**EXERCISE DIRECTIONS**
Your task is to retype, exactly and only, the lines from the one containing "Phone holder in seat" to the final line of the entries, leaving out all pictures.
+---+
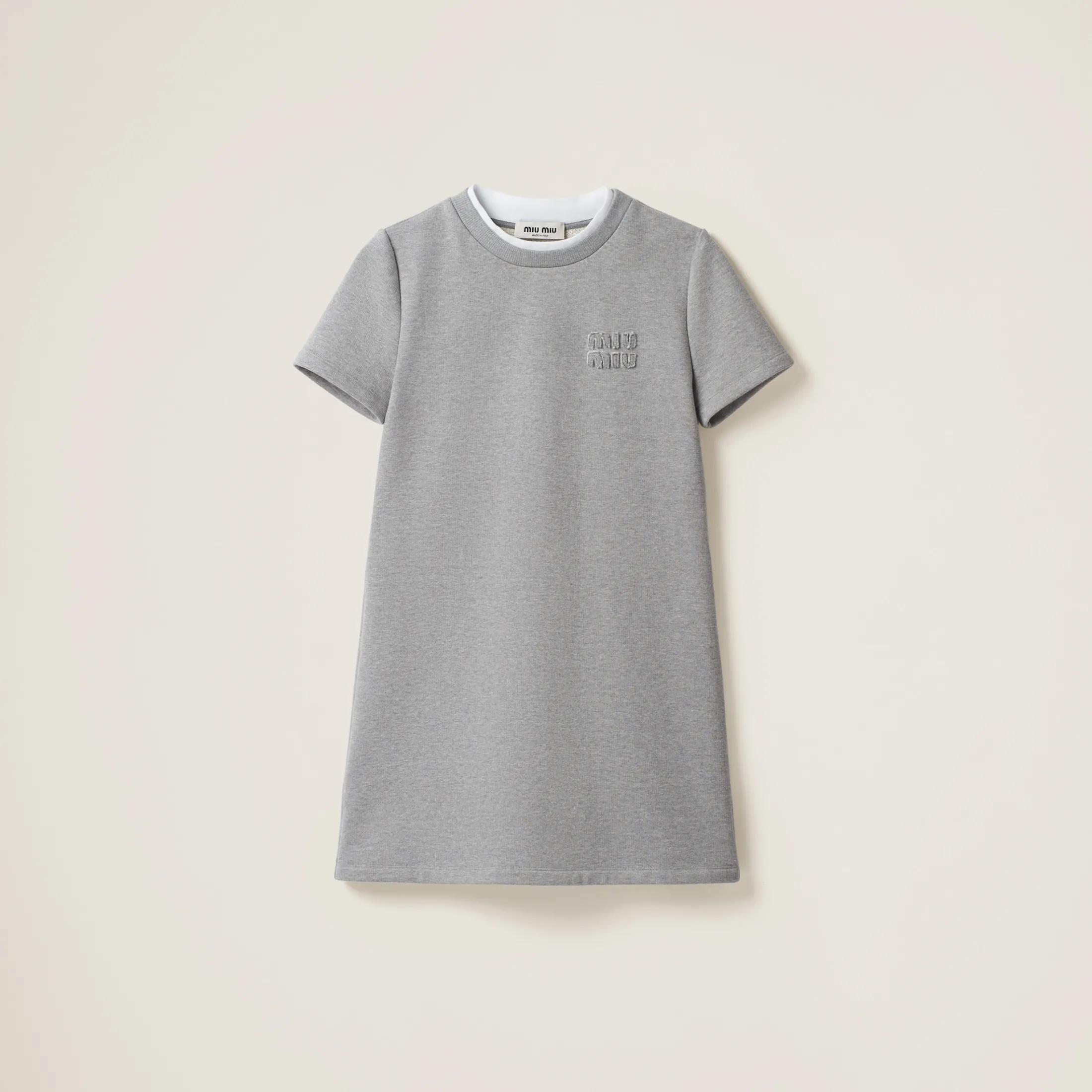 Grey Embroidered Cotton Fleece Dress | Miu Miu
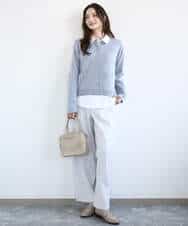 FKBGD27140 MK MICHEL KLEIN(MK ミッシェルクラン) [接触冷感/防シワ/洗える]コットン混ベーシックシャツ（無地） ピンク
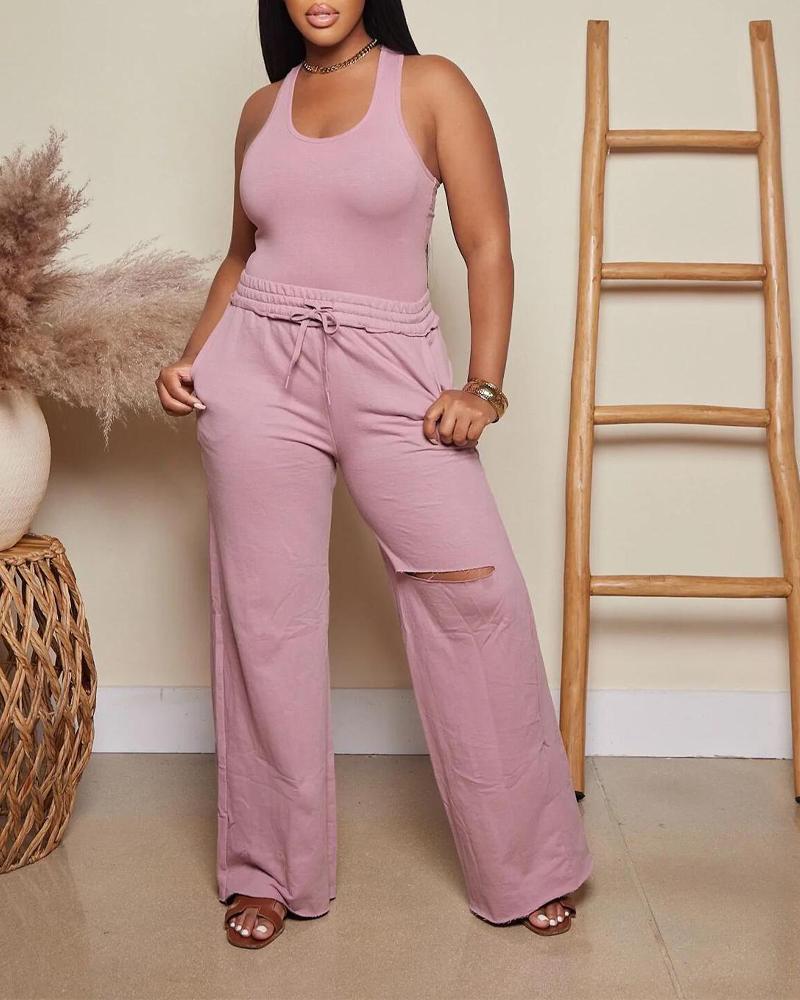 

Sleeveless Bodysuit & Cutout Drawstring Pants Set, Pink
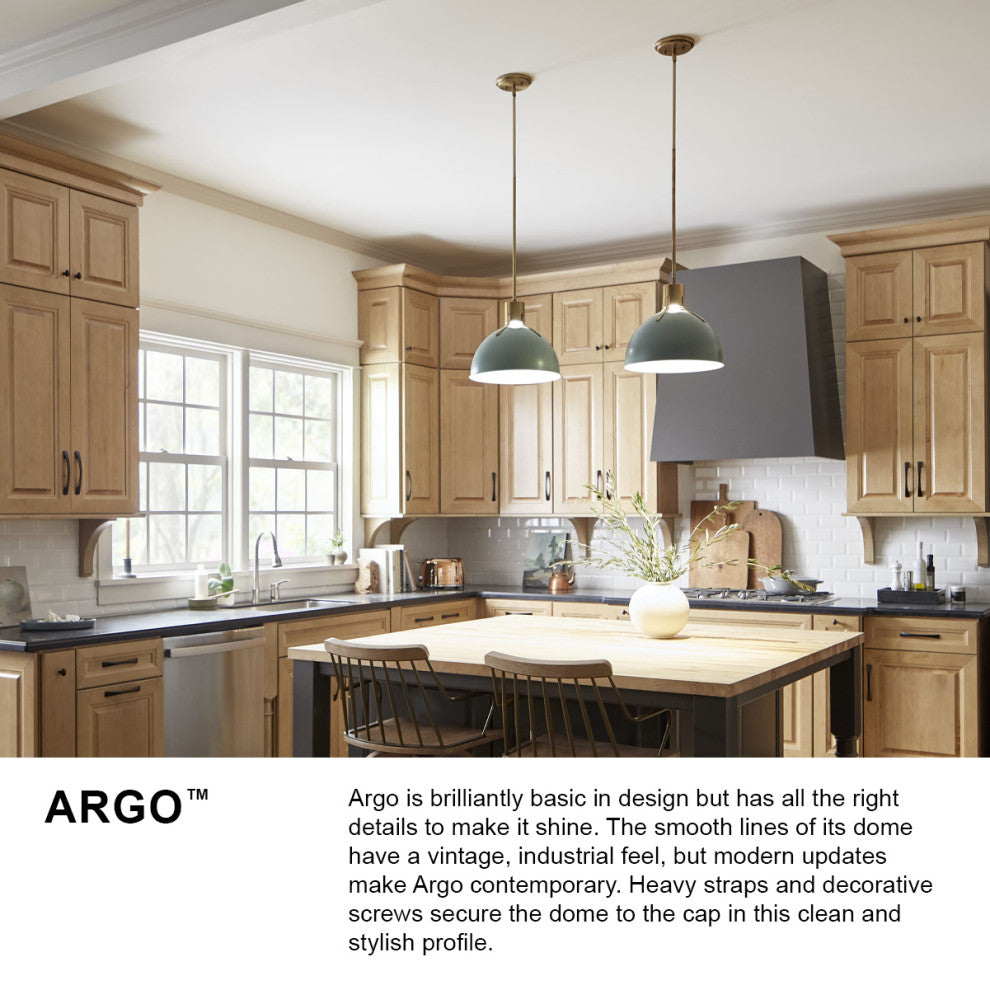 Hinkley Argo 14" Sm. LED Pendant Light, Heritage Brass + Clear Seedy Glass shade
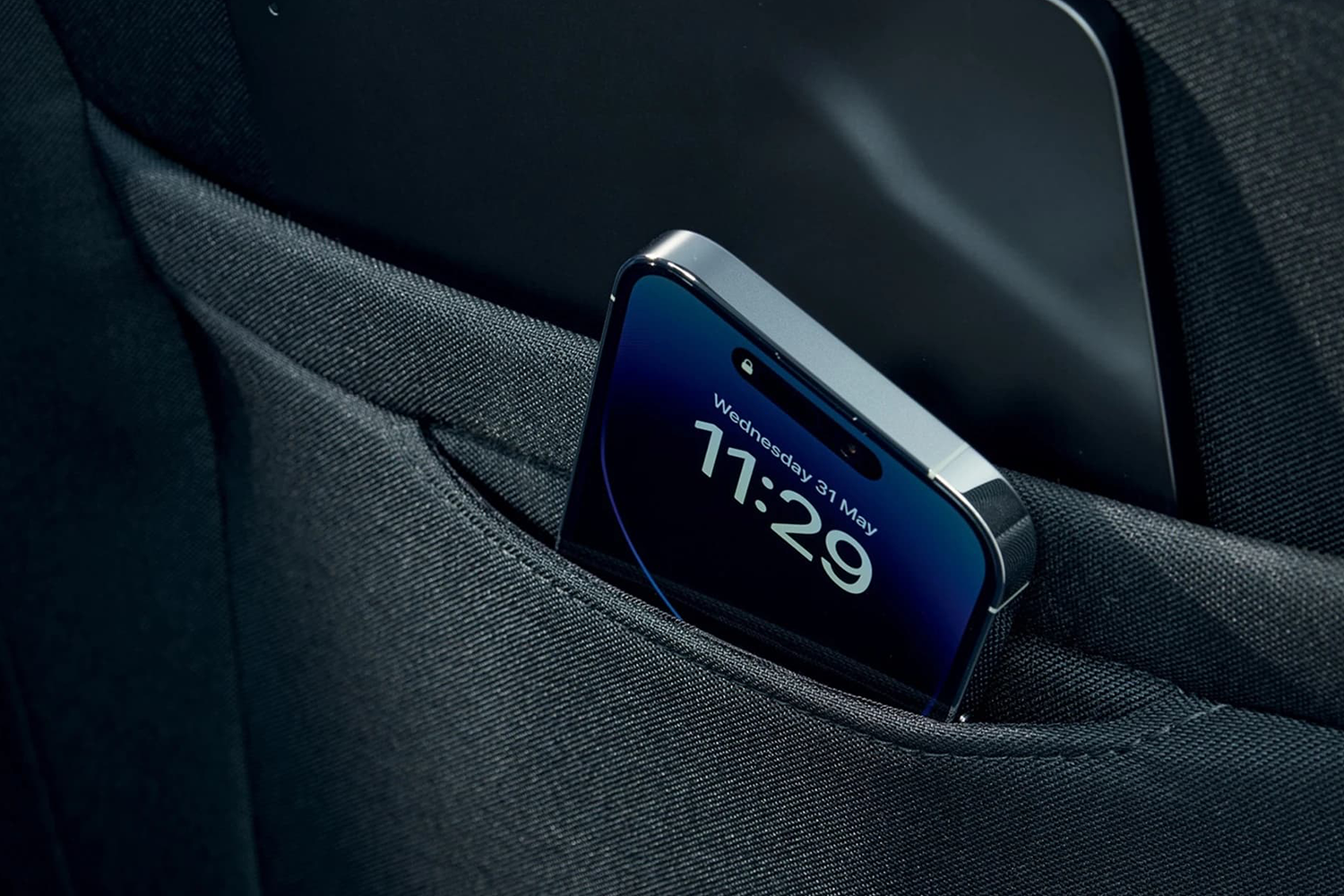 Phone holder in seat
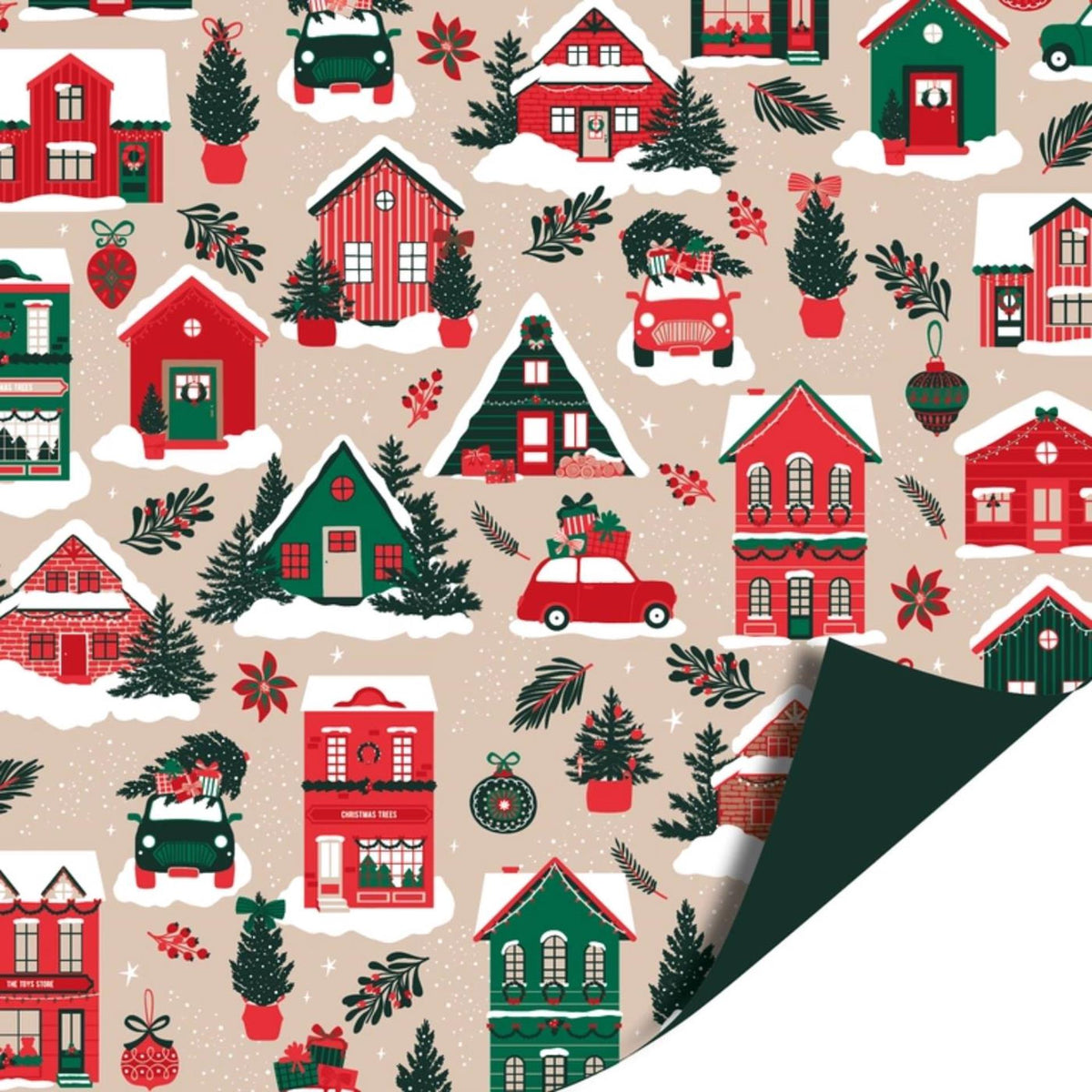 Kassaplan coated cadeaupapier dubbelzijdig 50cm 100m winter houses groen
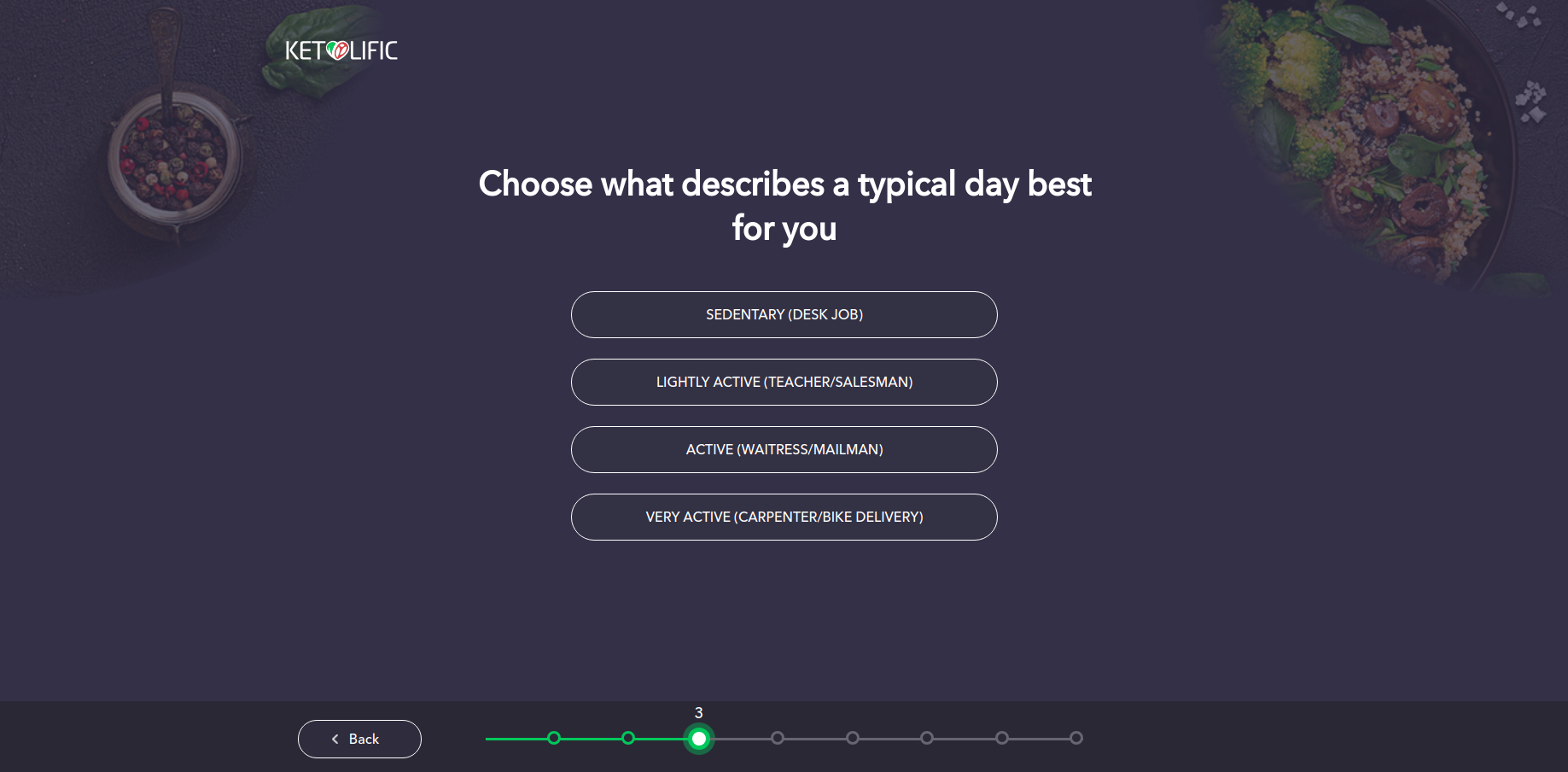 Quiz step 3 — Daily activity level from Sedentary to Very Active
+---+
**SOLUTION TO THIS PROBLEM**
 Phone holder in seat
 Kassaplan coated cadeaupapier dubbelzijdig 50cm 100m winter houses groen
 Quiz step 3 — Daily activity level from Sedentary to Very Active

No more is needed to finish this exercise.